Was there ever a moment in your personal life when mythology helped you see clearly what to do?

More than one moment, there are many moments when I remembered that life is a process and it can become better. It is always a process, and you have to try the clay first, and then the wood, until you finally get to the corn and are able to smell it and enjoy it. Life is a long process, and if the setbacks and difficulties and the failures in it are many, I would say that existential failure is the strongest when one does not have any sense of purpose or meaning. For me failure is when you have to calm down, reflect, and search your inner world. Failure opens the doors to the most important questions.

Failure is the moment when you have to learn and understand something new. Once you’ve succeeded, you’re already done and at the end, but if you’ve failed, then you’re still at the beginning.

And I believe that all of humanity with COVID has experienced something important. For the first time, everyone has a clear sensation that we’re a common species on this planet – that we’re all together in this and our destiny depends on what happens to everyone. It’s not about who gets the vaccine or who doesn’t; it’s important that the virus doesn’t continue in countries all over the world for us to overcome it. We are an interconnected species in this planet. This is a big change because before COVID, we were still feeling like separate countries. Now we’re one interconnected species that is fragmented; we have damaged other species irreversibly, and we have damaged nature itself — and we have only a few years left to be able to sustain the environmental situation that exists now. Our economy has marginalized millions of millions of millions of people, by concentrating more and more power in fewer and fewer hands while making the rich richer and the poor poorer.

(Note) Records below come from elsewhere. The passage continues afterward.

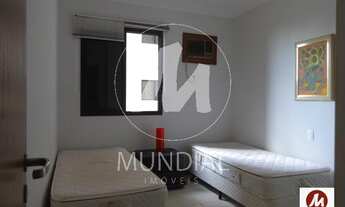 Imagem 3: Apartamento (tipo - padrao) 5 dormitórios/suite, cozinha planejada, portaria 24hs, lazer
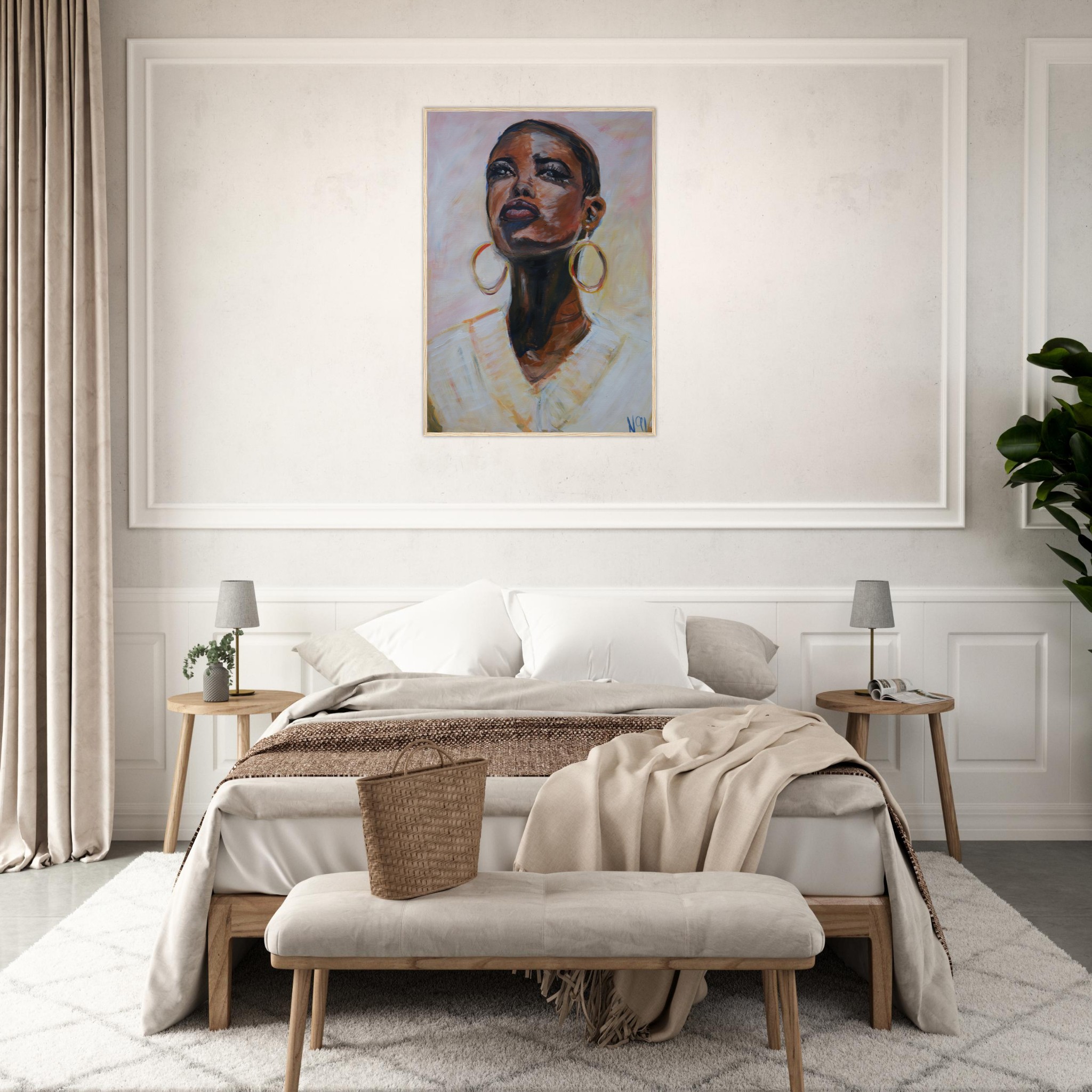 hereiam2_woodenframed_nicgeraldine_art_prints_poster_store_wall_art_framed_posters_mainz_wiesbaden_frankfurt_13 hereiam2_woodenframed_nicgeraldine_art_prints_poster_store_wall_art_framed_posters_mainz_wiesbaden_frankfurt_13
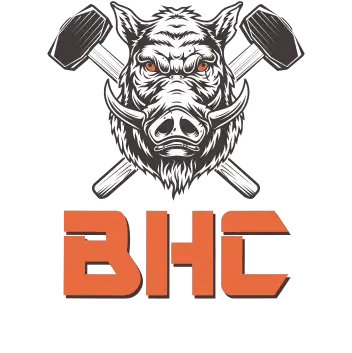 Bro Hog Construction
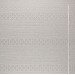 Ethno fabric Synevyr TDK-153 1/1, per meter.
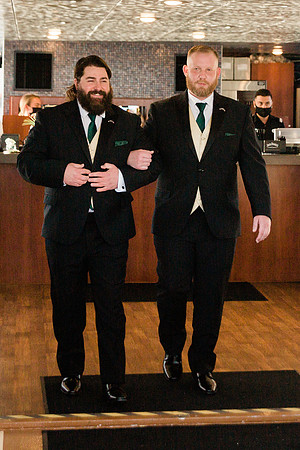 wedding-540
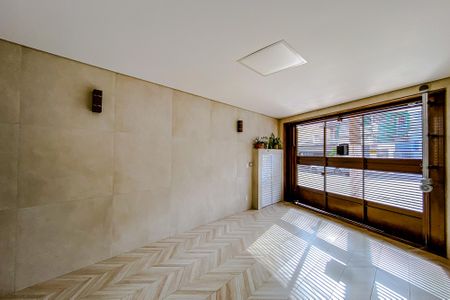 Casa à venda com 200m², 3 quartos e 1 vagaGaragem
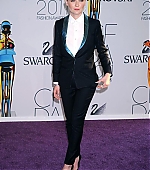 CFDA2011_Carpet23.jpg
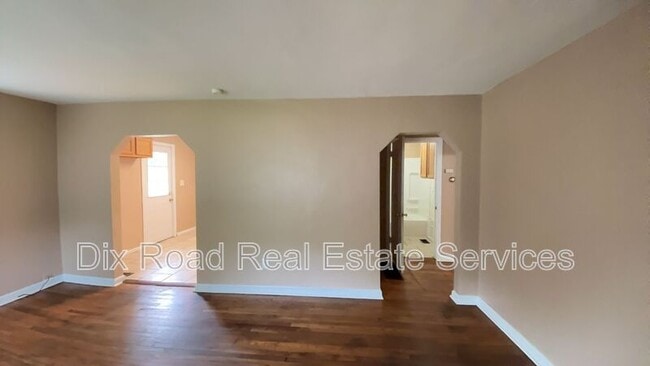Photo - 4008 Jewell Ave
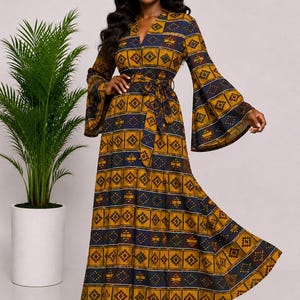 mustard and navy blue dress Buy Inddus Mustard Yellow Woven Stylised Dress Material With Navy Blue  Woven Jacket at Amazon.in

Democracy also does not work because the measures we implemented during COVID required tremendous authoritarianism. Democracy is losing the strength that it had, and it has become not a real democracy but rather one of representation that normally betrays the majority in most countries. The culture we have also doesn’t respond adequately, and there are no great or new inspirations for cultural movements – instead there is just reinforcement of the same things with the same elements. We do not have religious ideologies that are not fanatical. We are in a very terrible crisis.

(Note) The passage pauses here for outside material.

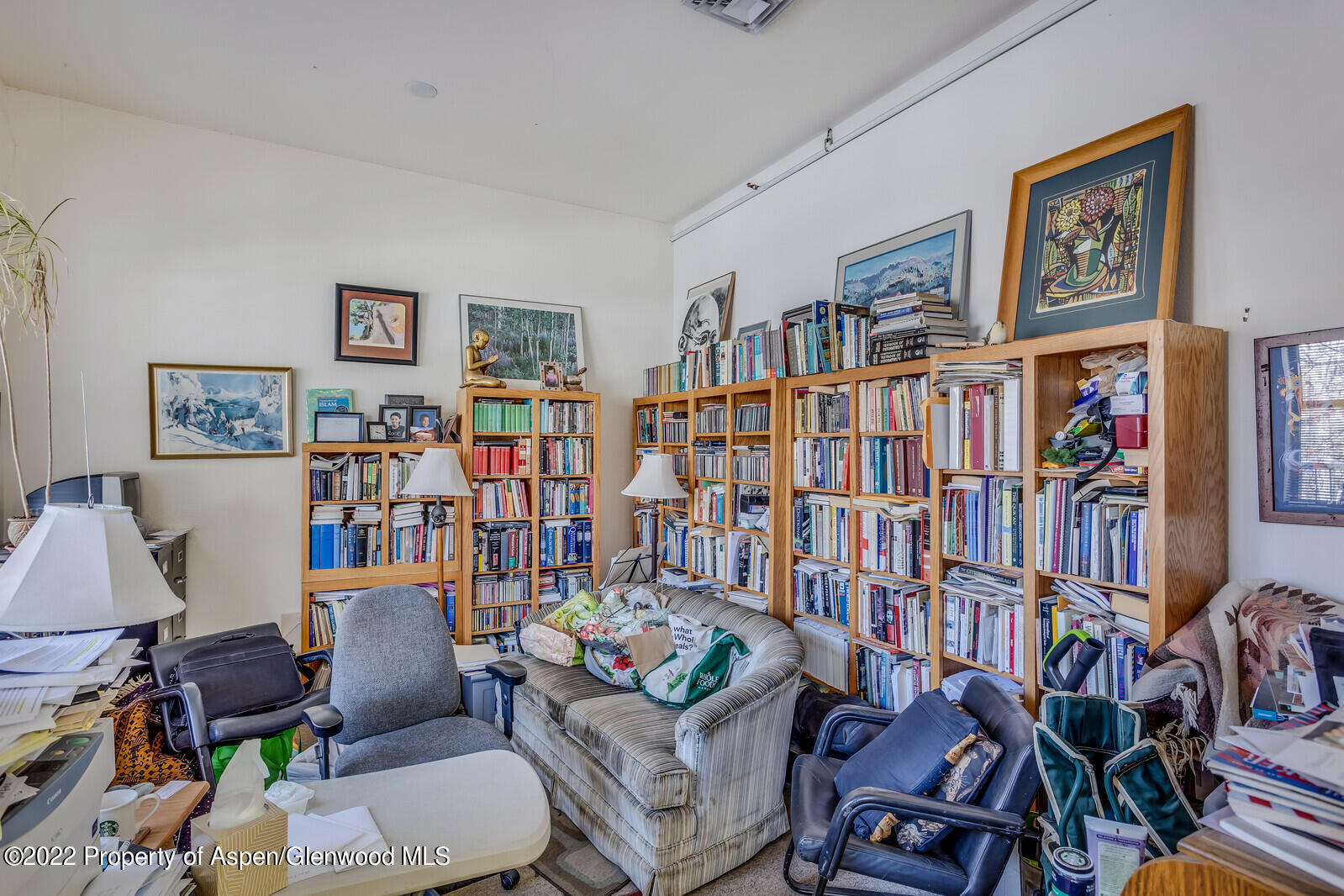 23400 Two Rivers Road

On the other hand, women have a lot of strength and almost the myth of equality. We are looking for a society that is more equitable, and fighting for it, with this mythical force that we have behind us, but still we find every day that they pay us less, they are violent against us, they marginalize us, and discriminate against us. I think it’s a situation of global failure of the social and economic model that we have — a complete failure. We were talking earlier about how personal failure is the most interesting door to arrive at an understanding of new things and to change one’s way of living. I think that on a global level, we are at the end of civilization that myths tell us about, and we need mythology in order to keep going forward and to have hope of another way of living.

For me, it’s easier to keep things on a personal level. How is it possible for one person to change all these problems?

Think of the younger generation. They are using the force of mythology and saying “we’re taking charge.” They’re beginning to take on the myth of the hero who saves the world – look at Greta Thunberg and Fridays for Future (the youth led global climate strike movement that began in August 2018 after she began one at her school.) There is a new generation that lives in a lifestyle that is not individualistic or consumerist, and that distinguishes between needs and desires. They understand that desire brings suffering, and they live simply and even eat differently, as vegetarians. I think this generation, perhaps without realizing it themselves, are giving rise to a sensibility of a new mythology.